Second, the crucial act is the notification by the member state under Article 50(2). That is the event which commences the formal process, which is then intended to be effected by negotiation and agreement. There is no (express) provision for a member state to withdraw from the process or revoke the notification. Once the notification is given, the member state and the EU are stuck with it.

And third, there is a hard deadline of two years. This is what gives real force to Article 50. The alternative would be the prospect of a never ending story of rounds of discussions and negotiations. Once notification is given, then the member state is out in two years, unless this period is extended by unanimous agreement. It is possible that such unanimity may be forthcoming – but this would be outside of the power of the member state. Once the button is pushed, the countdown cannot just be switched off by a member state saying it has changed its mind, or by claiming that the Article 50 notification was just a negotiation tactic all along. That will not wash.

This said, what is created by international agreement can be undone by international agreement. Practical politicians in Brussels may come up with some muddling fudge which holds off the two year deadline. Or there could be some new treaty amendment. These conveniences cannot, however, be counted on. The assumption must be that once the Article 50 notification is given, the UK will be out of the EU in two years or less.

What happens between a Leave vote and any Article 50 notification will be driven by politics. The conventional wisdom is that, of course, a vote for Brexit would have to be respected. (This is the same conventional wisdom which told us that, of course, Jeremy Corbyn would not be elected Labour leader and that, of course, Donald Trump would not be the Republican nominee.) To not do so would be “unthinkable” and “political suicide” and so on.

And if there is a parliamentary vote before any Article 50 notification then there is the potential irony of those seeking to defend parliamentary sovereignty demanding that an extra-parliamentary referendum be treated as binding. But it must be right that the final decision is made by parliament, regardless of what the supposed defenders of parliamentary sovereignty say.

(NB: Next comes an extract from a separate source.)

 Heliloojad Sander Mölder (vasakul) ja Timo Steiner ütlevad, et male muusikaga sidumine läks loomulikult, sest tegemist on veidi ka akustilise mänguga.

What is certain is that if there is an Article 50 notification then there will be immense legal work to be done. Over 40 years of law-making — tens of thousands of legal instruments — will have to be unpicked and either placed on some fresh basis or discarded with thought as to the consequences. The UK government has depended since 1972 — indeed it has over-depended — on it being easy to implement law derived from the EU. The task of repeal and replacement will take years to complete, if it is ever completed. Even if the key legislation — especially the European Communities Act 1972 — is repealed there will have to be holding and saving legislation for at least a political generation.

A vote for Brexit will not be determinative of whether the UK will leave the EU. That potential outcome comes down to the political decisions which then follow before the Article 50 notification. The policy of the government (if not of all of its ministers) is to remain in the EU. The UK government may thereby seek to put off the Article 50 notification, regardless of political pressure and conventional wisdom.

There may already be plans in place to slow things down and to put off any substantive decision until after summer. In turn, those supporting Brexit cannot simply celebrate a vote for leave as a job done — for them the real political work begins in getting the government to make the Article 50 notification as soon as possible with no further preconditions.

On the day after a vote for Brexit, the UK will still be a member state of the EU. All the legislation which gives effect to EU law will still be in place. Nothing as a matter of law changes in any way just because of a vote to Leave. What will make all the legal difference is not a decision to leave by UK voters in a non-binding advisory vote, but the decision of the prime minister on making any Article 50 notification.

And what the prime minister will do politically after a referendum vote for Brexit is, at the moment, as unknown as the result of the referendum itself.